The annual Cherry Blossom Festival in our nation's capital is winding down today, so I thought I would set a table in honor of this lovely tradition. I recently purchased a set of four cherry blossoms dessert plates from the Smithsonian Store, and I bought a beautiful knit scarf with a cherry blossom design from the Willard InterContinental Hotel gift shop when we were in DC for an awards dinner last April. I do not own much pink tableware, but these two items, along with some in white and light green, provided just the right amount of spring color on my table. A simple white teapot and bamboo flatware hint at the Japanese origins of this celebration. The cherry blossoms in our yard are long gone, but pretty pink Loropetalum is in bloom at the moment, so I pruned a branch and placed it in a slender clear glass vase also brought back from DC last year.
|A closer look at the cherry blossoms plate.|
|A birch candleholder surrounded by clear glass beads makes for|
a simple woodsy centerpiece, and pairs well with the cherry
blossom scarf used as a table runner.
|This simple contemporary white teapot is one of my husband's|
favorites from his extensive collection.
|Green tea will be served with the Japanese-inspired menu.|
|Instead of cherry blossoms, which have long since|
faded here, a tall branch of pink Loropetalum
flowers graces the table.
|A spring green soy sauce dispenser is flanked by white bird salt|
and pepper shakers from Pier 1 (you can't have trees without
birds, right?); a larger birch candleholder sits behind them.

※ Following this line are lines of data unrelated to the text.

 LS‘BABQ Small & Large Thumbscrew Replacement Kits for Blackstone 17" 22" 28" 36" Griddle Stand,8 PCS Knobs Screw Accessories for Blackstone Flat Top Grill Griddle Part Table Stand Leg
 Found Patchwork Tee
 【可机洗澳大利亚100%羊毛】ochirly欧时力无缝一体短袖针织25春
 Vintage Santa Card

Since many of the cherry trees in Washington, DC, were a gift from Japan, my menu for this table includes Japanese foods (or at least my best interpretation!). Yakisoba ("fried noodles") is a popular street food in Japan which actually originated in China. It is easy to make and just about everyone loves this dish, even children. While I am not normally a fan of cucumbers, the marinade for the salad makes them palatable for me. The cake is not Japanese, of course, but does bring cherries to the table, and is a good choice to serve with tea.
DC Cherry Blossom Festival Menu:
Japanese Cucumber Salad*
*Japanese Cucumber Salad
1/3 C. rice vinegar
1 tsp. light soy sauce
1 1/2 T. sugar
1/2 tsp. sesame oil
1 English cucumber, very thinly sliced
1/2 T. toasted sesame seeds
Whisk together the first three ingredients. Soak the cucumber slices in salt water for a few minutes, then rinse and drain. Pour the marinade over the cucumber slices and let stand for at least 15 minutes. Sprinkle with the sesame seeds before serving. Serves 4.
1/3 C. soy sauce
1/3 C. rice or white wine
1 1/2 T. sugar
3 T. vegetable oil
1 onion, thinly sliced
2 bags (1 lb. each) tricolor slaw mix
1 T. minced ginger
1 lb. boneless chicken, thinly sliced (white or dark meat, or a combination)

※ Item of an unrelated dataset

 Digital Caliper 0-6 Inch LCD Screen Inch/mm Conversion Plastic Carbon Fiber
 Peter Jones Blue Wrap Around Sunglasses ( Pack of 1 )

12 oz. ramen noodles*, cooked, rinsed, and drained
2 scallions, sliced
In a small bowl, whisk together the first 3 ingredients. Heat the oil in a large skillet or wok over medium-high heat. Add the onion and cook for about 3 minutes. Stir in the slaw mix and ginger. Cook until the cabbage is softened, about 3-5 minutes. Add the chicken and cook for 3-4 minutes more. Top with the noodles and pour the sauce over. Reduce heat to medium, cover the skillet, and cook for 3-5 minutes, then remove the cover and toss everything together until well combined. Pour the mixture into a serving platter and garnish with the scallions. Serves 4.
*I used four packets (3 oz. each) of ramen noodle soup, flavor packets discarded (they are mostly salt anyway). Spaghetti or even linguine would also work.
In addition to the Cherry Preserves Cake Squares (above), more sweets are on the table in the form of toffee-like Whole Almond Candies, brought back by my husband from one of his many trips to Asia. Some of the treats he brings home from his travels are a bit odd-tasting, to say the least, but these candies are really quite good.
We may not have been able to get to DC for the Cherry Blossom Festival this year, but my table will make us feel as if we were there!